BrokeAss Gourmet

BrokeAss Gourmet

Thai Pumpkin-Beef Curry

  • Prep Time 0:20
  • Cook Time 1:30
  • Estimated Cost $14.25
  • 5 Comments

This is one of my favorite things to order when I go out for Thai food. The total ingredients cost is a little steep compared to most BrokeAss recipes, but don’t forget that a little jar of curry paste is enough to make several batches of curry.
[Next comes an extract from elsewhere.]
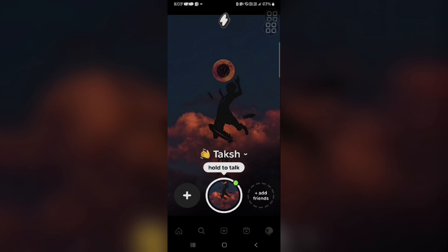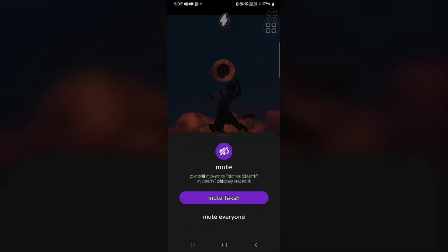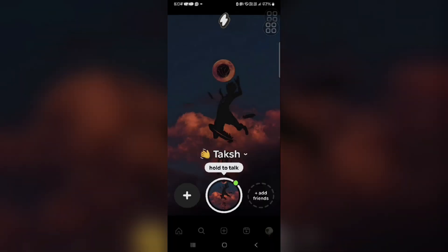There is also a mute option available. You have to choose the mute duration — for example, one hour or forever. This will silence notifications and calls from that specific friend for the chosen duration. That's how you can mute a contact and achieve Do Not Disturb mode in the 1010 app.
Note: Check out Asian specialty grocery stores for the best deals on harder-to-find ingredients like coconut milk and fish sauce.

Ingredients

  • 6 cups fresh pumpkin, peeled and cut into 1" cubes $4 for 1 small cutting pumpkin or 2 packages of pre-cut pumpkin pieces
  • 1 tbsp flavorless oil, such as vegetable, coconut or grapeseed Pantry
  • 3 cloves garlic, chopped Pantry
  • 1 1" piece ginger, peeled and minced $0.50
  • 1 medium onion, cut int 1" pieces $0.50
  • 1/2 lb beef stew meat $3
  • 1 14-oz. can coconut milk $1
  • 2 tsp Thai red curry paste $2.50 for 4 oz.
  • 1 tbsp soy or fish sauce Pantry
  • 2 tsp honey Pantry
  • 1 red bell pepper, cut into 1" pieces $1.50
  • 1 jalapeño, seeded and chopped $0.25
  • 1 handful fresh cilantro, chopped $1 for a bunch

 

Recipe Serves 4

Directions

  1. Preheat the oven to 375 degrees F.
  2. Spread the pumpkin out in an even layer on an ungreased baking sheet (use 2 if necessary) and roast for 45 minutes, just until pumpkin is fork-tender.
  3. About 20 minutes before the pumpkin is finished roasting, heat the oil over medium heat in a large frying pan (make sure it also has a fitted lid--you'll need it later).
  4. Add the garlic, ginger and onion and cook, stirring once or twice, for 2 minutes.
  5. Add the beef and brown lightly on both sides.
  6. Add the coconut milk, curry paste, soy/fish sauce and honey and stir well to make a pale red, creamy sauce.
  7. Add the bell pepper and jalapeño, stir contents of pan well, and cover with the fitted lid. Cook, covered, for about 15 minutes.
  8. Once the pumpkin is done, carefully add it to the pan. Stir well and cover again. Cook for another 12-15 minutes, until beef is very tender.
  9. Serve in bowls, over rice if desired, topped with the chopped cilantro.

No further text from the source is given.